* _EXERCISE INSTRUCTIONS_: For the entries below, the expected answer is the line with "A plush children's", the line with "Mini Trader Keychain", and every line between them, exactly as written, and nothing more.

Collected data:

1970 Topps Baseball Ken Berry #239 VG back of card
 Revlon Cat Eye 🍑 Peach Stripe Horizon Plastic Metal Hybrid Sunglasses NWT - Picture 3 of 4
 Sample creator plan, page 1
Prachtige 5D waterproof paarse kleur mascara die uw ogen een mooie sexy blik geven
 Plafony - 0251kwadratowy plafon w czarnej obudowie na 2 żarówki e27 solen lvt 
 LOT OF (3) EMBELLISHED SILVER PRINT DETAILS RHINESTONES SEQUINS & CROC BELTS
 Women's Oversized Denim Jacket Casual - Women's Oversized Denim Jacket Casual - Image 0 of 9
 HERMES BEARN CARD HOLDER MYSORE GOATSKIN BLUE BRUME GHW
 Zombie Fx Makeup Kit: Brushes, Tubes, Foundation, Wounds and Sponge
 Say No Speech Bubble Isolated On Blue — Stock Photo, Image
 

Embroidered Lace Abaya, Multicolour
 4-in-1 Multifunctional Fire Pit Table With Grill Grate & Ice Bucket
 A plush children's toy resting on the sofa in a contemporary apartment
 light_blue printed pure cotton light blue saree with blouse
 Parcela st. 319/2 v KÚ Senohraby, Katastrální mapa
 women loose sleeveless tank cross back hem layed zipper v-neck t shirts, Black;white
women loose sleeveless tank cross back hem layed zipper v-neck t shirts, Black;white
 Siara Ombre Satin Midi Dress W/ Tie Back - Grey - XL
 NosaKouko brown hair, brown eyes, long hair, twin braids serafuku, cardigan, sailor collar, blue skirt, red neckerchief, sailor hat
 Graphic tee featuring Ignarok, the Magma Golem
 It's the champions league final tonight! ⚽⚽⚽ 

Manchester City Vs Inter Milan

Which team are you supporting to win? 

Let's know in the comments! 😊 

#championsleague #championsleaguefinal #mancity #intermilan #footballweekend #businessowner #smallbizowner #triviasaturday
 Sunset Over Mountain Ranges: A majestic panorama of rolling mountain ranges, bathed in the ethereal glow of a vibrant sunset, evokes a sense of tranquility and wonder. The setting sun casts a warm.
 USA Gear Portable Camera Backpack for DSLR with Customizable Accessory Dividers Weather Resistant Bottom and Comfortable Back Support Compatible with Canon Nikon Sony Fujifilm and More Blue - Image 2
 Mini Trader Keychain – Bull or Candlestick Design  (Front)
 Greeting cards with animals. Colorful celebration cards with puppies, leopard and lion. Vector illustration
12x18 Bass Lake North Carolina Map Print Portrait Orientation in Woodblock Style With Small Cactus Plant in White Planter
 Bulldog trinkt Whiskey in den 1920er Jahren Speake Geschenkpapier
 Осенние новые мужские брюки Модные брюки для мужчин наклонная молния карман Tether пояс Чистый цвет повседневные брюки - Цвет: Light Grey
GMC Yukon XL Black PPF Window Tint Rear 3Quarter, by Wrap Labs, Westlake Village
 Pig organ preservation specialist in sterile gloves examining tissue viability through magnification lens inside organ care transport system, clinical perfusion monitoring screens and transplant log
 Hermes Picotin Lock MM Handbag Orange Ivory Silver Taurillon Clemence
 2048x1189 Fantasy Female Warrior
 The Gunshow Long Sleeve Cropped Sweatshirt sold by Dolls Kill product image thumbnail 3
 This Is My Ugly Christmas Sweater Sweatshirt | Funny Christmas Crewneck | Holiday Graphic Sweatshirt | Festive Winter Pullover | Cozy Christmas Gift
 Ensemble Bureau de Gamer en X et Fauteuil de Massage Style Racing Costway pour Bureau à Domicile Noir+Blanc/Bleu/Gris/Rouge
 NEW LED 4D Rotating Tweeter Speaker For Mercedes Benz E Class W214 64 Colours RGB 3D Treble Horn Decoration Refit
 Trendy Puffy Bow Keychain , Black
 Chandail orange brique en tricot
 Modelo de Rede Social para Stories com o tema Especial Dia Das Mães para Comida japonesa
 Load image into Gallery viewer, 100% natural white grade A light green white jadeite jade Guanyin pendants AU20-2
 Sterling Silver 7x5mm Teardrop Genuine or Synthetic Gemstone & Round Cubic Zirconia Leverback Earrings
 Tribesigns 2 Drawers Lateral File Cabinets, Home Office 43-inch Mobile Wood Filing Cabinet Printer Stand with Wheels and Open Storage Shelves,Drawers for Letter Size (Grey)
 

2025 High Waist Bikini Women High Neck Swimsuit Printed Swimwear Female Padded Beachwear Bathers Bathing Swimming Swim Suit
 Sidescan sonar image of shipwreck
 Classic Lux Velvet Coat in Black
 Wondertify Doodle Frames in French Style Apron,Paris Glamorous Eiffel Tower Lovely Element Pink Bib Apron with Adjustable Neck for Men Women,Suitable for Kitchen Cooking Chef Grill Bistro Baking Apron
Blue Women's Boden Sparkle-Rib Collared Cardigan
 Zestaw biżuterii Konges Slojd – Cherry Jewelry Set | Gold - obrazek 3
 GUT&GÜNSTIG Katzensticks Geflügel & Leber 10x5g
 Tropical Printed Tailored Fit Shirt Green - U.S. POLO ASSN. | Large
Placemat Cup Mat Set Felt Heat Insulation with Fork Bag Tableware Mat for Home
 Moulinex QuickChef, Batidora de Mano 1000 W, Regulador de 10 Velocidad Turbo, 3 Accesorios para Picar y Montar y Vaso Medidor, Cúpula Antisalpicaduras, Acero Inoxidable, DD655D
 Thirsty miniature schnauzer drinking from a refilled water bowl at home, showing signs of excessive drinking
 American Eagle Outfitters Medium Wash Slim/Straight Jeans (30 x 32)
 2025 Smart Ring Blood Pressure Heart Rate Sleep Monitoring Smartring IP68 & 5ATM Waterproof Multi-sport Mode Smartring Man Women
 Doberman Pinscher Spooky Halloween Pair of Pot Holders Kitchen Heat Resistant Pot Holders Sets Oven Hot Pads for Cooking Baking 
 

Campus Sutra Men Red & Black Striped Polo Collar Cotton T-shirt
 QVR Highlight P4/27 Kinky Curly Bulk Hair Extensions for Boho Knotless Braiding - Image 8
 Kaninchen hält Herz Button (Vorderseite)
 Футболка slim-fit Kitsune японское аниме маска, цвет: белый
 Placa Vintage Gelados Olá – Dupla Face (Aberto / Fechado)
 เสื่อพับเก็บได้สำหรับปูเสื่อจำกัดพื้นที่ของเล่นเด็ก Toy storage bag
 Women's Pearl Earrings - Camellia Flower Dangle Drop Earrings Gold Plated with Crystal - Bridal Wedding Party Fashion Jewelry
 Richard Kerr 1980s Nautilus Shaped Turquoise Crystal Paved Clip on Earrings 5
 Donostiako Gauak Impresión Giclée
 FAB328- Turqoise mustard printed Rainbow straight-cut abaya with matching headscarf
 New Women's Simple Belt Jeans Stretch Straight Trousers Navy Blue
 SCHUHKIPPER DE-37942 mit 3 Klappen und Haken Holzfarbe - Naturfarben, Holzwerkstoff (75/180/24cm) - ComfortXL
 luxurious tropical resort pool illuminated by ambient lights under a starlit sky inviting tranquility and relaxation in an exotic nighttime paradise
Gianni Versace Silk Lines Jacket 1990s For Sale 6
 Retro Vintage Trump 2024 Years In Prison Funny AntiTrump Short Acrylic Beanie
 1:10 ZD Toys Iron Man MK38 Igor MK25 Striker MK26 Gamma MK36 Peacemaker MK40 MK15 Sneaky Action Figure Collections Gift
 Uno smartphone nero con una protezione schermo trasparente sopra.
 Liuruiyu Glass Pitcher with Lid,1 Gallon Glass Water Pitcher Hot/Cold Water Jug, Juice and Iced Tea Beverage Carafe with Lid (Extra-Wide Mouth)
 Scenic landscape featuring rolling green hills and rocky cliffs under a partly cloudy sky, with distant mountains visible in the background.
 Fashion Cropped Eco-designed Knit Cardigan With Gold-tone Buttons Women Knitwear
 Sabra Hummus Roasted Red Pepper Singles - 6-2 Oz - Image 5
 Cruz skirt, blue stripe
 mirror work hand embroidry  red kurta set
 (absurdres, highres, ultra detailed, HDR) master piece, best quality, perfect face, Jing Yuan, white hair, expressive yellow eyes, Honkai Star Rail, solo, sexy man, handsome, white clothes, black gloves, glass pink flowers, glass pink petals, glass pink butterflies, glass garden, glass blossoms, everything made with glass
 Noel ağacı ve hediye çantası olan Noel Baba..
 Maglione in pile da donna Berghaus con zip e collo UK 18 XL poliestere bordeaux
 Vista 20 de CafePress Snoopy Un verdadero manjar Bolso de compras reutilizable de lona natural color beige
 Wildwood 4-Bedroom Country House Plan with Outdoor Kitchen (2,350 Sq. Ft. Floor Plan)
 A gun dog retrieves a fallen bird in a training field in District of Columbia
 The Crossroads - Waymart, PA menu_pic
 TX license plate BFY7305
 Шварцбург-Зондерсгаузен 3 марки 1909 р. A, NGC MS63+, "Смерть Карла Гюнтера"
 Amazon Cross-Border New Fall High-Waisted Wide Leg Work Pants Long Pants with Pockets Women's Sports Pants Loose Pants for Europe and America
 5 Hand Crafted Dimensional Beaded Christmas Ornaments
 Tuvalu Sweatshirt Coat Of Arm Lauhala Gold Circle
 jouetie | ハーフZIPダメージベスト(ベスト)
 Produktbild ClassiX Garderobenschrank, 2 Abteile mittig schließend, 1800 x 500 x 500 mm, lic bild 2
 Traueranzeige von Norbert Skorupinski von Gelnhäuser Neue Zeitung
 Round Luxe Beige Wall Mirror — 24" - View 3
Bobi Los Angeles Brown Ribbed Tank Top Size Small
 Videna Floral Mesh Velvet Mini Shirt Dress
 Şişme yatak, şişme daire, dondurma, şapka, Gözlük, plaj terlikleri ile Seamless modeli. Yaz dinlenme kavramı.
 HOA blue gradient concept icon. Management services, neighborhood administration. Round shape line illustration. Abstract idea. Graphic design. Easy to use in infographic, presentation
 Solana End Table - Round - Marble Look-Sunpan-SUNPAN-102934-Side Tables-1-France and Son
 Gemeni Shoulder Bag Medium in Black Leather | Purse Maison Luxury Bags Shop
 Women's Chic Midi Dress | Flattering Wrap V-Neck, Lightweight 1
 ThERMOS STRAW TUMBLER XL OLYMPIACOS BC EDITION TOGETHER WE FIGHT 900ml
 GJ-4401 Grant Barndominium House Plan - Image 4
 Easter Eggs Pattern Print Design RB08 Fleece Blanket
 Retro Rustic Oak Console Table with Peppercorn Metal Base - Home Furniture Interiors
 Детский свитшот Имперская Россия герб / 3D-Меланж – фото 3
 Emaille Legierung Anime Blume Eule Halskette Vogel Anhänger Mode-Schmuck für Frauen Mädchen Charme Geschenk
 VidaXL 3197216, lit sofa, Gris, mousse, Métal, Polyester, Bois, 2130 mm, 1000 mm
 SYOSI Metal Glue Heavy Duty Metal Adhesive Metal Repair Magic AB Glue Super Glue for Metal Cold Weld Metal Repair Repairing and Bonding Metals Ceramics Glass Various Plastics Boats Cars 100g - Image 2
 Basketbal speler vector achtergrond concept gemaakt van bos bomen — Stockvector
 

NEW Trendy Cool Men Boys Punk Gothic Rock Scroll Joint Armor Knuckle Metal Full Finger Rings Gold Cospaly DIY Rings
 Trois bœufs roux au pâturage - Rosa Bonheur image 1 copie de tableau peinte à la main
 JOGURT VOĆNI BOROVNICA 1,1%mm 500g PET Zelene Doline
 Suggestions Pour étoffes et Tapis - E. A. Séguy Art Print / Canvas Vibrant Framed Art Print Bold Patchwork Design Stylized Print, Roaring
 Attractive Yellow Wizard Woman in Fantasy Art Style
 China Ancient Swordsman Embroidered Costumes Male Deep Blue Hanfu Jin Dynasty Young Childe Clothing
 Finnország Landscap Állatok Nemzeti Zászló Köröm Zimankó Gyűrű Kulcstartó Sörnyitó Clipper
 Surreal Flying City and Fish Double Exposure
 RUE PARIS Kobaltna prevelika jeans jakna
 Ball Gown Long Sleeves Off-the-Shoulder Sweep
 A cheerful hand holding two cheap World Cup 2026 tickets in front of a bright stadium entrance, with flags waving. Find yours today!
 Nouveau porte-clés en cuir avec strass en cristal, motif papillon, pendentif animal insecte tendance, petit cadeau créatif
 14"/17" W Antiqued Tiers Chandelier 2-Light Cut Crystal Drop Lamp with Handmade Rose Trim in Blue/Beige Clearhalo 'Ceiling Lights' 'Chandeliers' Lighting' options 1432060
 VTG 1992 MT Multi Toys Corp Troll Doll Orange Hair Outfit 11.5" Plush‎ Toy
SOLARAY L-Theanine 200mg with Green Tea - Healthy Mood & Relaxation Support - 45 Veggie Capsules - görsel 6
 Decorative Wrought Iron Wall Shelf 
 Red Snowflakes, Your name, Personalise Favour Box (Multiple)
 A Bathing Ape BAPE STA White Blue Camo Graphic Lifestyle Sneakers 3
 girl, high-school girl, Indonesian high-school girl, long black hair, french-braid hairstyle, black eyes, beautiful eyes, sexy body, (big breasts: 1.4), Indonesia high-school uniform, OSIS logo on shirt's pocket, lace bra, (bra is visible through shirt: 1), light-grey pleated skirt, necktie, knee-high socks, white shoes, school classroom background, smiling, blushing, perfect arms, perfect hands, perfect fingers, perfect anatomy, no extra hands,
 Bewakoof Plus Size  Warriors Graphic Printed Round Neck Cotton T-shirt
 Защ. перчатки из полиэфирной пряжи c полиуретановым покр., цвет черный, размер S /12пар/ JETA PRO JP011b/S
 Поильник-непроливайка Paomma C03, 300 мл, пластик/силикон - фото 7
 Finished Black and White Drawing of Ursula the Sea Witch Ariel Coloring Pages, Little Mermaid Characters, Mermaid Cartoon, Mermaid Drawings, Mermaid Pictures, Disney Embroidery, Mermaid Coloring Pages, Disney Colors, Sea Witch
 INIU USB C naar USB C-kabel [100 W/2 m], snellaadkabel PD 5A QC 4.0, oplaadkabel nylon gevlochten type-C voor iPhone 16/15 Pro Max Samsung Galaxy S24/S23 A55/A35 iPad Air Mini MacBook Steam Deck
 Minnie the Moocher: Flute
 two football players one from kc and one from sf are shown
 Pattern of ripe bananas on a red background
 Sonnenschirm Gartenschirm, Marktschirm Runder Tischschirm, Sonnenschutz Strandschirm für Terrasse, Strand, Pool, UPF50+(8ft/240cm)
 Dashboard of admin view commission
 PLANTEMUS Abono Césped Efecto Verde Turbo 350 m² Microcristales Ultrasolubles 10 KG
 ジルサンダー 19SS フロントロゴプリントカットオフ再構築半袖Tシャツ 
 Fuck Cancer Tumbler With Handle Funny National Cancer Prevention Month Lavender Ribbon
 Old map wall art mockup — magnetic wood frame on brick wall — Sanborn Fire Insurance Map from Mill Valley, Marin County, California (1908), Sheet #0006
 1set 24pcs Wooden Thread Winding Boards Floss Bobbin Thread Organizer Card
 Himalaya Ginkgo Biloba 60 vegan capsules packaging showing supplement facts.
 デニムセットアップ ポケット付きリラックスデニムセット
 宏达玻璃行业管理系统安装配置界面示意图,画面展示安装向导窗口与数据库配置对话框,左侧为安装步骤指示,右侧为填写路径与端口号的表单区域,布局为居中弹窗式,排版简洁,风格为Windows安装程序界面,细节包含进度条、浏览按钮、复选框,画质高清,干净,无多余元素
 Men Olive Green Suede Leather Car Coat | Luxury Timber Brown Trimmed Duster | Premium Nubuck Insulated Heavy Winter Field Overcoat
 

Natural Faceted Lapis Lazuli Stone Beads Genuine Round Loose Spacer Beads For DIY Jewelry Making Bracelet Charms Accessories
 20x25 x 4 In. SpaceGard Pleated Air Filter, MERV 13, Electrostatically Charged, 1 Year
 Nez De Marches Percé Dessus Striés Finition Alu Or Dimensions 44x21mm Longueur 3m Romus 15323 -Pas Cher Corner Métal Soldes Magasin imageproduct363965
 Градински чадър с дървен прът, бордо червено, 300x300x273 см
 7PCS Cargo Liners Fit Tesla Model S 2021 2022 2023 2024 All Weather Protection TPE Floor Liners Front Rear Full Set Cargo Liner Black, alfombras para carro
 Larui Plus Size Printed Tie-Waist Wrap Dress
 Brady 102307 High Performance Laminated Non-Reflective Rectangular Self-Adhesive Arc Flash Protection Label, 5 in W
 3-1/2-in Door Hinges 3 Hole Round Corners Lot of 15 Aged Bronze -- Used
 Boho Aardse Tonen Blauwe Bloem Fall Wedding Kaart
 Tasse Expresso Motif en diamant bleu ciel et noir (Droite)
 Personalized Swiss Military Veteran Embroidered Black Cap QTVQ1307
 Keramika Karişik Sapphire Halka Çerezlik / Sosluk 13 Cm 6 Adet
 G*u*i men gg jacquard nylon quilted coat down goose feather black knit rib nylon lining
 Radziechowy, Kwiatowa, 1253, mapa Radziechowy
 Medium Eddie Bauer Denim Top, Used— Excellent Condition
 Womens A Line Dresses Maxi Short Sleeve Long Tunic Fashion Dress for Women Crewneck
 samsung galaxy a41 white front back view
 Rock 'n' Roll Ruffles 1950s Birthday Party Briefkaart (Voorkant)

* _RESPONSE FOR THIS EXERCISE_:
 A plush children's toy resting on the sofa in a contemporary apartment
 light_blue printed pure cotton light blue saree with blouse
 Parcela st. 319/2 v KÚ Senohraby, Katastrální mapa
 women loose sleeveless tank cross back hem layed zipper v-neck t shirts, Black;white
women loose sleeveless tank cross back hem layed zipper v-neck t shirts, Black;white
 Siara Ombre Satin Midi Dress W/ Tie Back - Grey - XL
 NosaKouko brown hair, brown eyes, long hair, twin braids serafuku, cardigan, sailor collar, blue skirt, red neckerchief, sailor hat
 Graphic tee featuring Ignarok, the Magma Golem
 It's the champions league final tonight! ⚽⚽⚽ 

Manchester City Vs Inter Milan

Which team are you supporting to win? 

Let's know in the comments! 😊 

#championsleague #championsleaguefinal #mancity #intermilan #footballweekend #businessowner #smallbizowner #triviasaturday
 Sunset Over Mountain Ranges: A majestic panorama of rolling mountain ranges, bathed in the ethereal glow of a vibrant sunset, evokes a sense of tranquility and wonder. The setting sun casts a warm.
 USA Gear Portable Camera Backpack for DSLR with Customizable Accessory Dividers Weather Resistant Bottom and Comfortable Back Support Compatible with Canon Nikon Sony Fujifilm and More Blue - Image 2
 Mini Trader Keychain – Bull or Candlestick Design  (Front)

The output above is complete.